Rambo:
IMDB: 7.9
Olcayto: 7.9
Tam anlamıyla Rambo'nun kapanışı. İnsan bittikten sonra hem bitmesin, birkaç tane daha arka arkaya seyretsin istiyor, hem de böylesine bir finali daha bozmak istemiyor. Yazan, yöneten, yapımcılığını üstlenen ve oynayan Sylvester Stallone. Yönetmen koltuğunda bence çok harika bir iş çıkartmış, eğer orada ünlü bir yönetmen adı olsaydı eminim ki pek çok sinema eleştirmenimiz "Gene bir savaş başyapıtı, destansı bir anlatım" diye methiyeler düzerdi, ancak kas yığını bir adam olunca pek çok göz kaslardan arkasını seçemiyor sanırım.
Rambo ile büyümüş, "Rambo bıçağı" almış, kafasına annesinin eşarplarını bağlayıp bahçeye "Keşke şurada bir çamur yığını olaydı da içine girip saklanaydım" diye umut eden gözlerle bakarak büyüyen bir jenerasyon olarak, ben çok beğendim.
Cloverfield:
IMDB: 7.9
Olcayto: 5 (O da 4,5'dan 5)
Büyük umutlarla gidip tam bir hüsranla çıktığım film oldu.
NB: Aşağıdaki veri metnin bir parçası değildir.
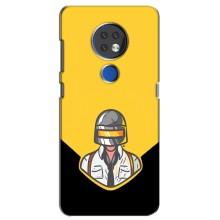 Чеjхол PUBG для Нокіа 6.2 (2019) (AlphaPrint) (Пабг в шоломі)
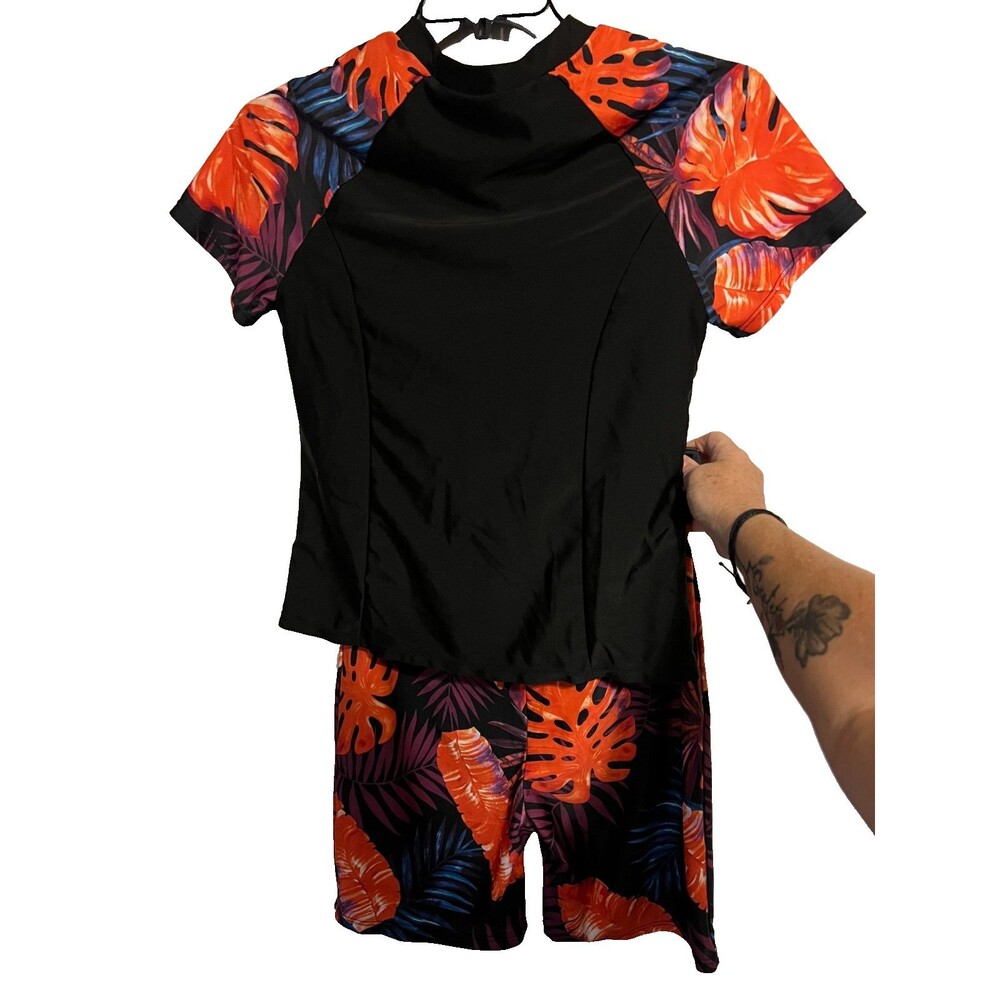 Unbranded Ladies 2 piece Swim Set Shorts  & Shirt Size XL NWOT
Pek çok yerde "The Host"(Gwoemul) ile karşılaştırılan bu filmde önce pozitif yanları sayalım:
Gerçekten iyi fikirler var içinde. Ben mesela -tıpkı The Host'da olduğu gibi- canavarın tasarımını beğendim. Efektler keza öyle. Başındaki uyarı yazıları ilk anda sizi bir belgesel havasına sokuyor. Kasetteki eski kayıt/yeni kayıt ilikilendirmesi ve bir noktaya kadar hareketli çekim gerçekten sarıyor sizi. Ses kalitesi iyi.
Negatif olarak:
Oyunculuk namına hiç bir şey yok, koskoca bir sıfır. Görsel efektler ve handycam tadı ile koca bir film çekilir mi, evet! O filmden sağlam bir hikaye ve oyunculuk çıkar mı? Hayır... Bana soracak olursanız film The Host'un "Yaratığı bir kenara bırakın esas insanların hikayesi trajedisi" amacını aynen kopyalamış ancak başarılı olamamış. Canavarı çok iyi saklıyor uzun süre, taa ki filmin en sonuna kadar, ha ama orada da bir karşılaşma var o kadar. Yani canavar hakkında bilgi istiyorsanız, unutun. Tıpkı Lost'da olduğu gibi gene deli gibi konuşmalar başladı, "Aslında canavar bir tane değil birden çok canavar var, yüzleri farklı" gibilerinden YouTube videoları havalarda uçuşuyor...Çok iyi bir film olabilecekken koca bir zaman kaybı olmuş kanımca. Seyrettiğim sinemada film bittiğinde kimse kıpırdamadı ve herkes oturduğu yerden sövmeye başladı ki hayatımda ik defa böyle bir şeye şahit oldum...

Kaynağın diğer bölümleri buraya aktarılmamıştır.